Tuesday, September 23, 2008

Four Degrees of Freedom (of Rotation) cont.

Introduction:Different solutions, to Einstein’s field equations, in pioneering works by Michael S. Morris[1] [40] [43] [61], Kip S. Thorne [1] [40] [43] [61], and Ulvi Yurtsever [1] [61], were found at the behest of a popular science fiction writer by the name of Carl Sagan. Carl wanted a method of moving a human character faster than light though not in a manner violating Relativity. However, there were others before Carl. The concept of Blackholes and wormholes were imagined almost as soon as Einstein published General Relativity. Schwarzschild, a mathematician, in the same year that they were published, found several solutions to Einstein’s equations.

In 1916, less than a year after Einstein had formulated his equations of the general theory,an Austrian, Ludwig Flamm, had realized that Schwarzschild's solution to Einstein's equations described a Blackhole connecting two regions of ‘flat’ spacetime, or two different points of the same universe. Einstein himself, working at Princeton with Nathan Rosen in the 1930s, had discovered that the equations seemed to actually represent a wormhole as a bridge between two regions of flat space-time a phenomenon known as an "Einstein-Rosen bridge".

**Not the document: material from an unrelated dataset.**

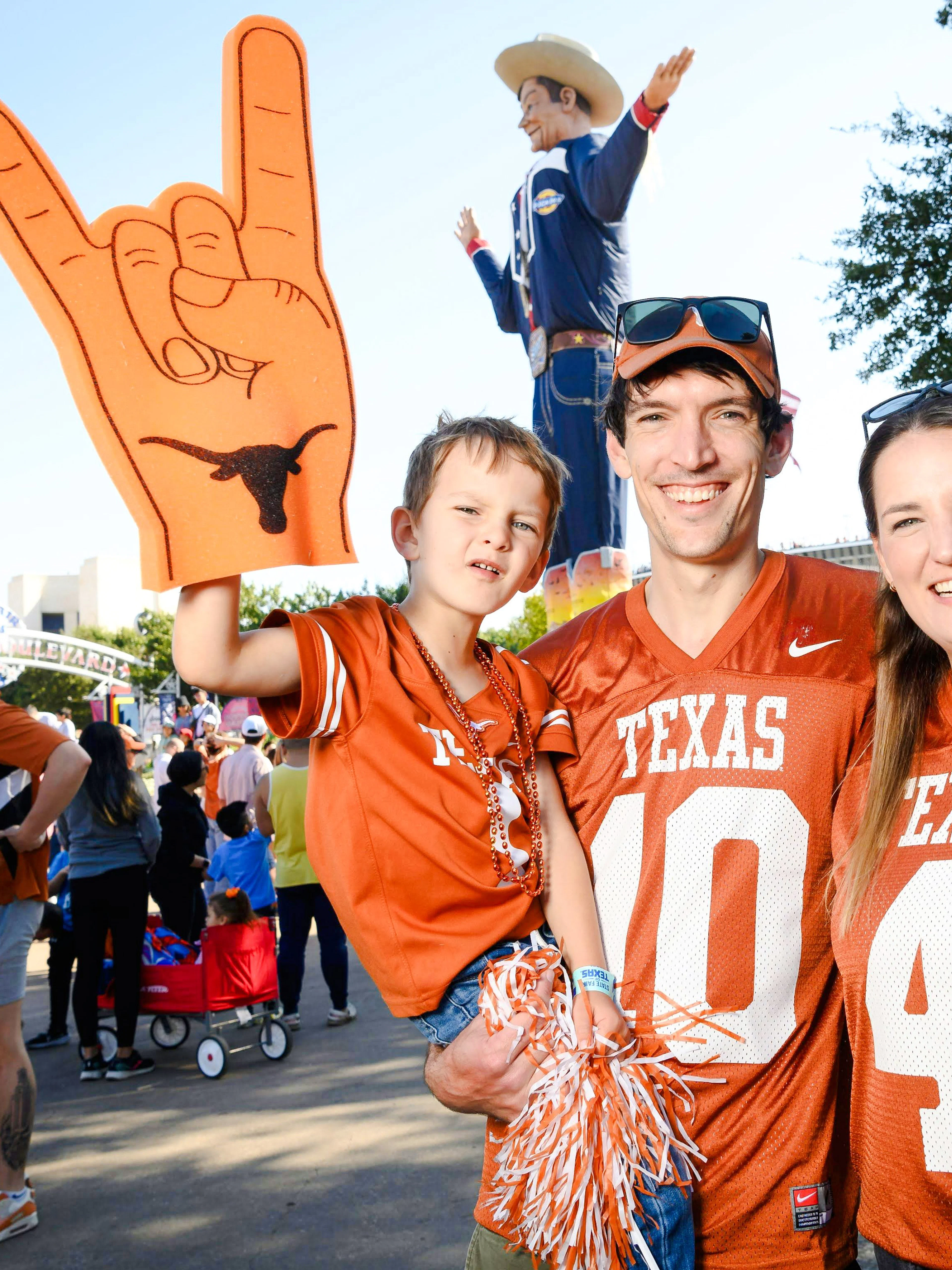 Family in Texas jerseys at State Fair of Texas with Big Tex statue in background.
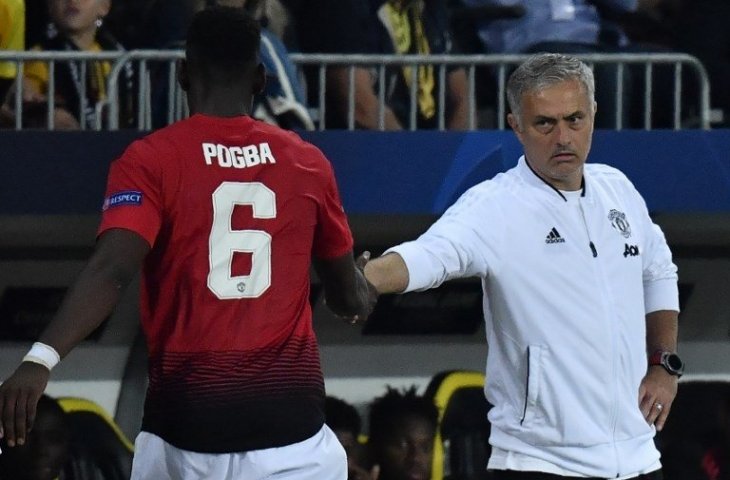 Pelatih Jose Mourinho berjabat tangan dengan Paul Pogba saat menggantinya (Alain Grosclaude/AFP)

Matt Visser [2] [4] [5] [36] [37] [41] [42] [54] [118] [119] [122] [123] [126] [128] [130] [131] has done much to add clarity to the subject of the variations of different methods that might produce wormholes and the various kinds of mathematics that go with them. As of this writing, [7], has come the closest to correctly describing a wormhole, without the advantage of actually seeing one form. Nor actually watch something disappear from their present spacetime point to a future/nearby spacetime point. Nor then watch the wormhole close. Only to find the object, that disappeared, a couple of days later, in a place they just looked at not more two hours before they left for breakfast, upon their return from said breakfast.There have been a number of tries using Euclidian [149] and Lorentzian [41] methods. There are others too numerous to detail here [3] [6] [8] [9] [10] [11 – 39] [44 – 53] [55 – 60] [62 – 117] [120] [121] [124] [125] [127] [129] [132 – 153].

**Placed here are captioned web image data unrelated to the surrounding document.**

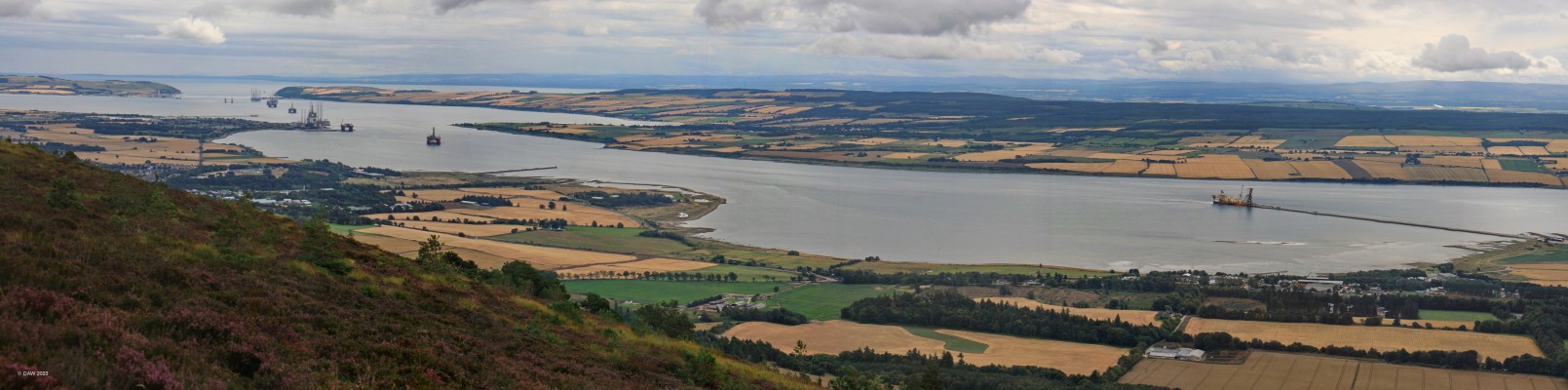 The Cromary Firth
A view over the Cromarty Firth from the Fyrish Monument above Alness.  This natural harbour has been used in the past by the Royal Navy to anchor the "Home Fleet" but today is used as a safe anchorage for out of service oil rigs or ones awaiting repair.  [url=http://streetmap.co.uk/map?X=260815&Y=869750&A=Y&Z=120/] Map location. [/url]
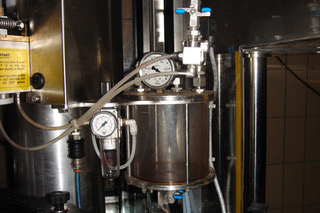 Clean beverage vats with steam.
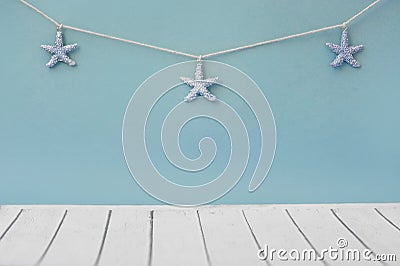 Seastars on the fishing net on a blue background Stock Photo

The various branches of chemistry and mechanical physics have well defined matter in its various forms. The table of elements is an excellent example of the repeatable information about the different kinds of matter from a nucleus and electrons point of view. Particle physicists have tried to crack the proton and electron with some success, and have tried to map out the nature of particles, from a particle point of view, as to what goes into the makeup of any one particle that they have been able to make and detect in colliders. Astronomical observations have also added information to both chemistry and particle physics, and provides a ‘cosmological’ point of view and services Einstein’s GR.  String theorists have given us more ‘linear’ dimensions.

Wednesday, September 17, 2008

Four Degrees of Freedom (of Rotation)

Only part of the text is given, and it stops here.